Six months after an earthquake measuring 7.3 on the Richter scale devastated Haiti, only 28,000 of the 1.5 million Haitians displaced by the catastrophe had found new homes. Associate Professor Masoud Ghandehari of NYU-Poly’s Department of Civil Engineering is working toward changing that through GreenLight Innovations, the nonprofit he’s established in response to the disaster. Together with Orphans International Worldwide (OIWW) and the We Can’t Have That Foundation (WCHTF), GreenLight is embarking on a sustainable development initiative and workforce training program that will break ground in Haiti in September.
“We know how to make a difference,” Professor Ghandehari says about the effort, “we” being a reference to engineers. “That’s part of the engineering curriculum: how to bring teams together to solve problems.”
That collaborative spirit brought GreenLight into being.
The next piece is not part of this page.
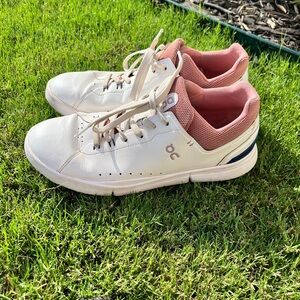 On The Roger Advantage Women's Sneakers, White | Rust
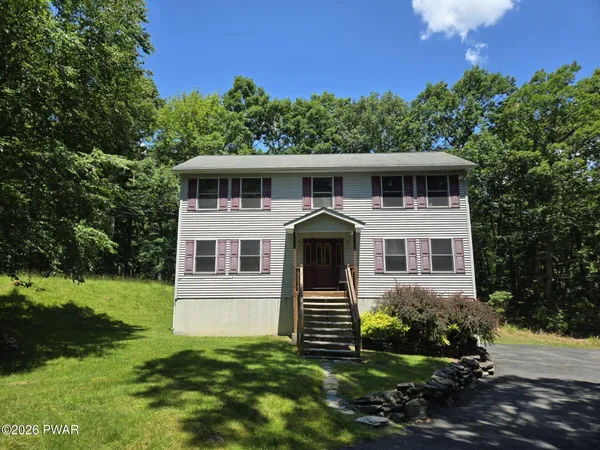 $379,000 | 102 Bobwood Lane, Milford, PA 18337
Haiti became the focus of Professor Ghandehari and his students when they wondered how sustainable community development might be possible in a country struggling to reestablish its infrastructure in the wake of a natural disaster. As the idea for GreenLight’s Haiti project began to form, Professor Ghandehari approached Assistant Professor Carl Skelton, director of NYU-Poly’s Brooklyn Experimental Media Center and its integrated digital media program. Professor Ghandehari was interested in Betaville, an online platform for collaborative planning of urban design projects Professor Skelton is creating. Professor Ghandehari thought it had potential applications in development projects in Haiti. Ironically, and helpfully, Professor Skelton was already in discussions with OIWW’s Jim Luce and WCHTF’s Evens Anozine about a separate project involving access to the Internet and post-graduate programs for schools in the city of Léogâne. He encouraged them to meet with Professor Ghandehari, and deeper roots for GreenLight in Haiti were planted through a partnership with OIWW and WCHTF.
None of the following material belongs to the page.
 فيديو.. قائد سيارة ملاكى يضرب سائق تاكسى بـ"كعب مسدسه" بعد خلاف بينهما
Thinking and Acting Locally
Professor Ghandehari, who had been at work with his students on a low-cost, lightweight concrete that can absorb a great deal of energy from forces like earthquakes, found himself asking how its design could respond to the local constraints posed by post-earthquake Haiti. (Watch a student describe the concrete.) “It’s not the case that ‘anything I build in New York, I can build in Haiti,’” he says. “So how do you reconfigure your innovation so that it can be applied in different environments? That’s where engineering comes in.”
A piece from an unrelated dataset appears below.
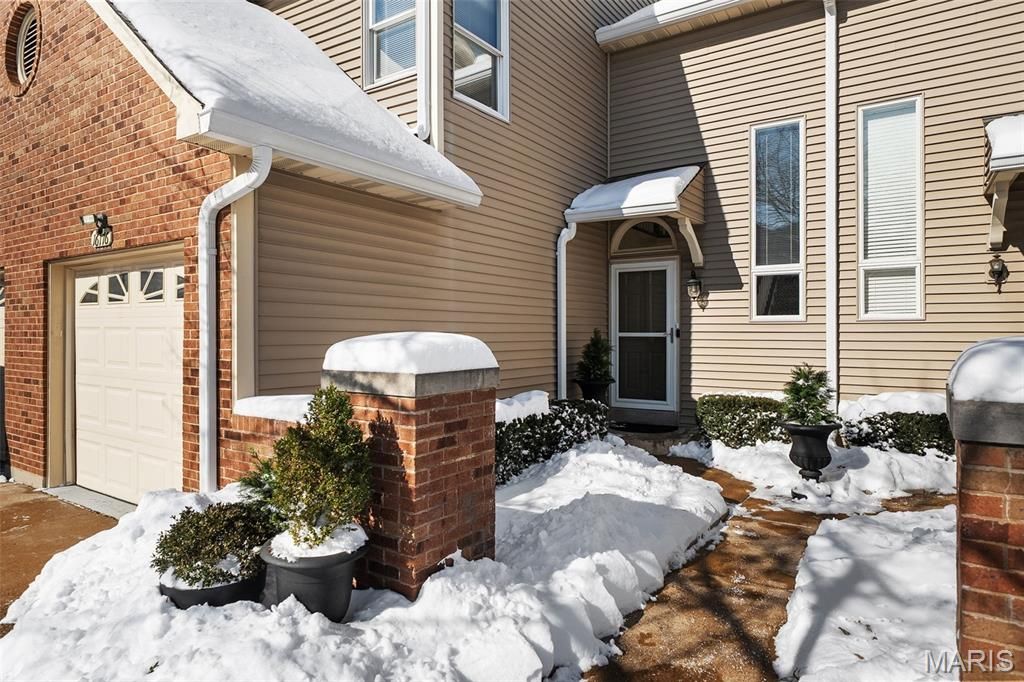 Photo of 16176 Lea Oak Court, Chesterfield, MO 63017 (MLS # 26004503)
Local constraints in this case involved a community lacking equipment and sound construction skills, among other challenges. Even if GreenLight could provide a lightweight building material technology better able to withstand earthquakes, its use would be limited by the small number of Haitians properly trained in building construction, not to mention the relatively few inspectors qualified to assess the results. To address this challenge, Professor Ghandehari and Fletcher H. (Bud) Griffis of NYU-Poly’s Center for Construction Management Technology are developing a curriculum to teach safe building technologies.
i2e at work in Haiti
GreenLight’s training programs will teach local laborers, including selected graduates from OIWW’s post-graduate development program, how to build an 18 x 18-feet, two-room house with 3 x 8-feet, lightweight concrete panels that Professor Ghandehari and his team of graduate students developed. The modular design makes it possible to connect multiple 18 x 18-feet units together. “You can connect and connect to make them bigger,” says the professor, “like Legos.”
Armed with such skills, trainees can quickly build the houses that are so desperately needed in Haiti and, as Professor Ghandehari hopes, eventually establish businesses that draw from their construction experience. As he’s establishing the nonprofit, Professor Ghandehari and GreenLight partners are trying to pass on entrepreneurial skills so that others can similarly practice NYU-Poly’s i2e philosophy of innovation, invention, and entrepreneurship.
It’s a trend he sees in the culture at large. “Everyone now is looking at community service,” Professor Ghandehari says. “How can you do something with your organization to reach out and make a difference right now? That’s becoming very transparent, very clear, as a mission.”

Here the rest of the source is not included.